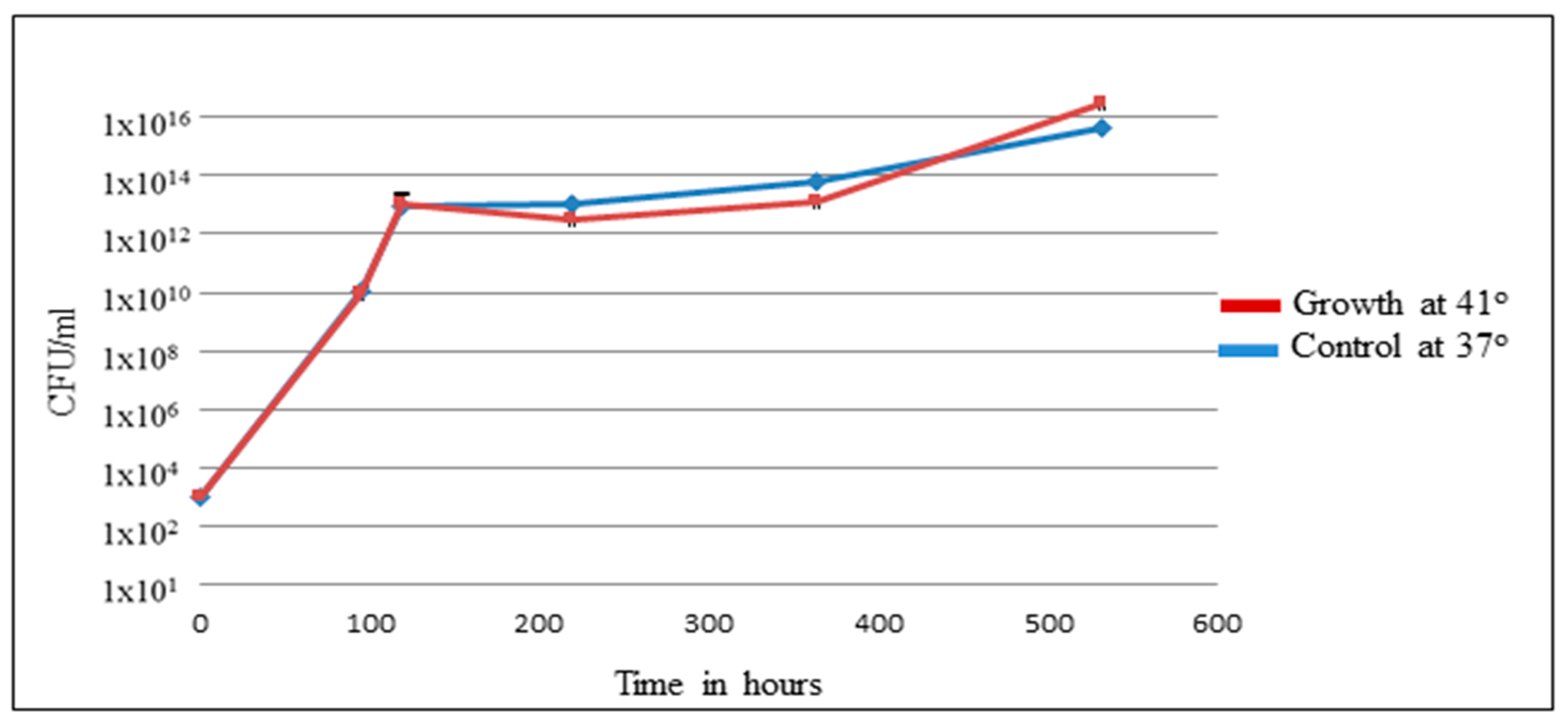 Pathogens 09 00077 g003 Pathogens 09 00077 g003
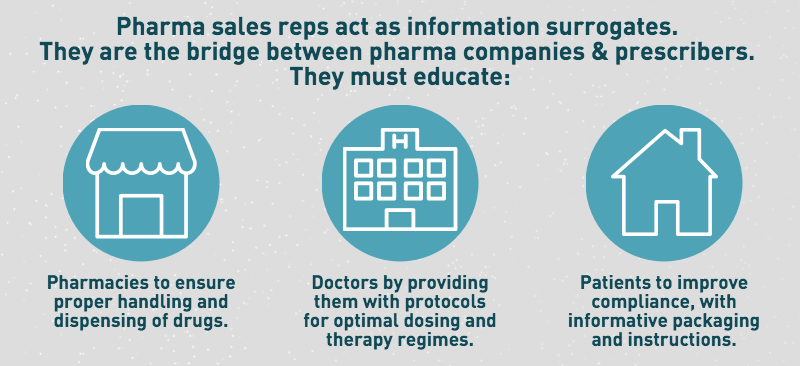 Graphic stating: pharma sales reps act as information surrogates. They are the bridge between pharma companies and prescribers. They must educate pharamacies, doctors, and patients.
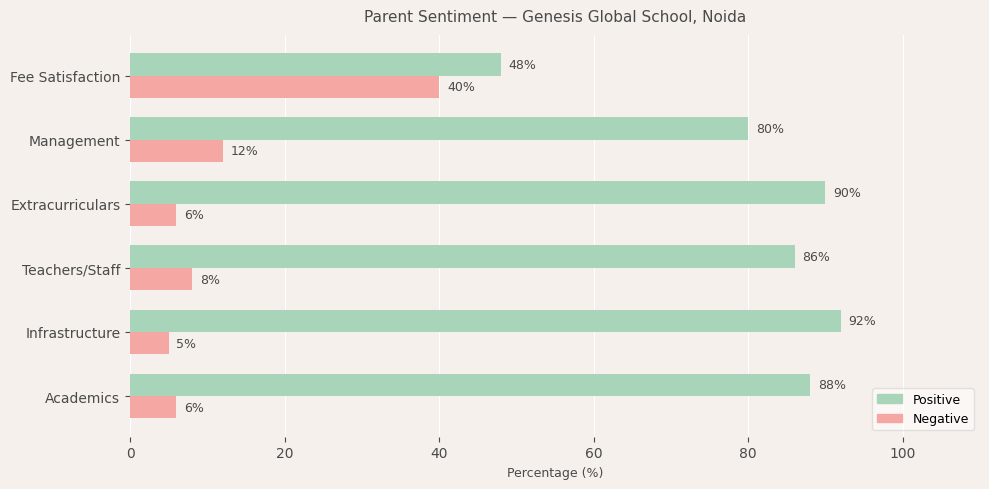 image-1780224941538 Genesis Global School Parent Review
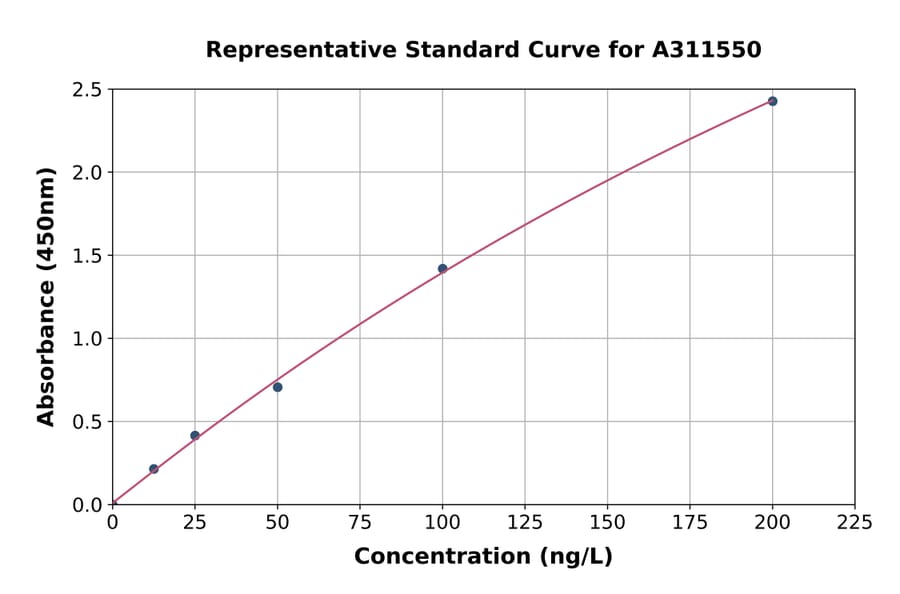 Standard Curve - Human IL-19 ELISA Kit (A311550) - Antibodies.com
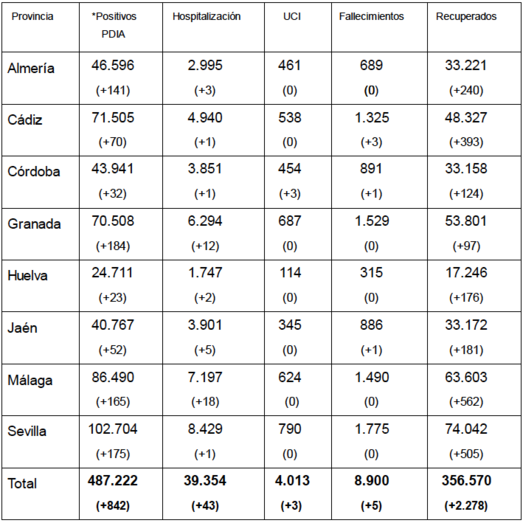 Huelva registra en la últimas horas 23 positivos y ningún fallecido por coronavirus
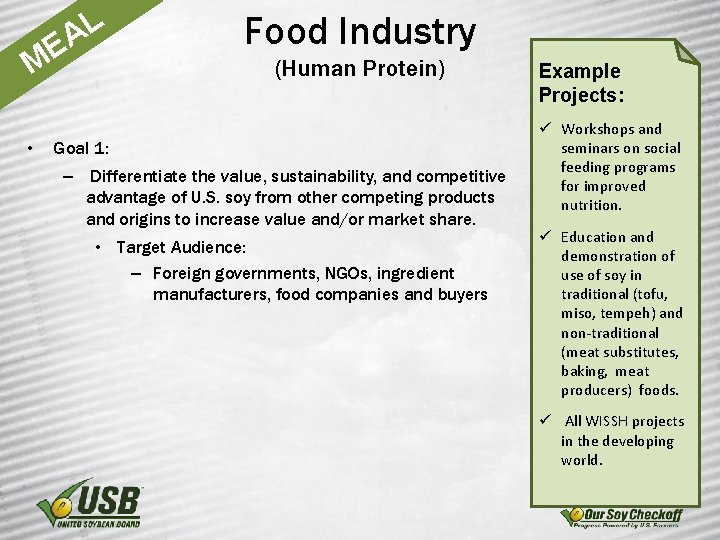 L EA M • Food Industry (Human Protein) Goal 1: – Differentiate the value,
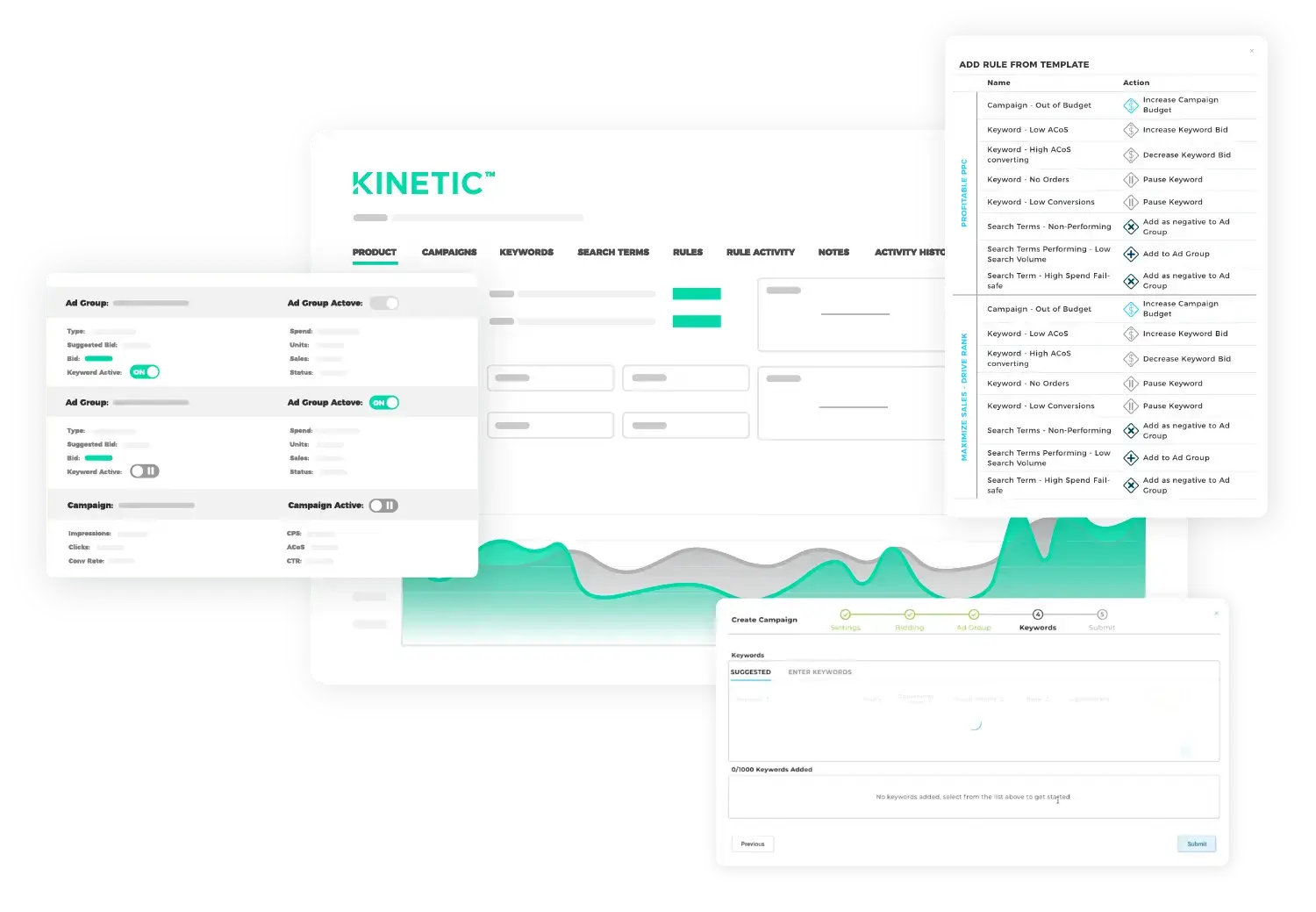 Viral Launch's PPC Tool, Kinetic.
________________________
Task statement => Write out all the records again, exactly, minus any pictures.

Answer to the problem =>
 Pathogens 09 00077 g003 Pathogens 09 00077 g003
 Graphic stating: pharma sales reps act as information surrogates. They are the bridge between pharma companies and prescribers. They must educate pharamacies, doctors, and patients.
 image-1780224941538 Genesis Global School Parent Review
 Standard Curve - Human IL-19 ELISA Kit (A311550) - Antibodies.com
 Huelva registra en la últimas horas 23 positivos y ningún fallecido por coronavirus
 L EA M • Food Industry (Human Protein) Goal 1: – Differentiate the value,
 Viral Launch's PPC Tool, Kinetic.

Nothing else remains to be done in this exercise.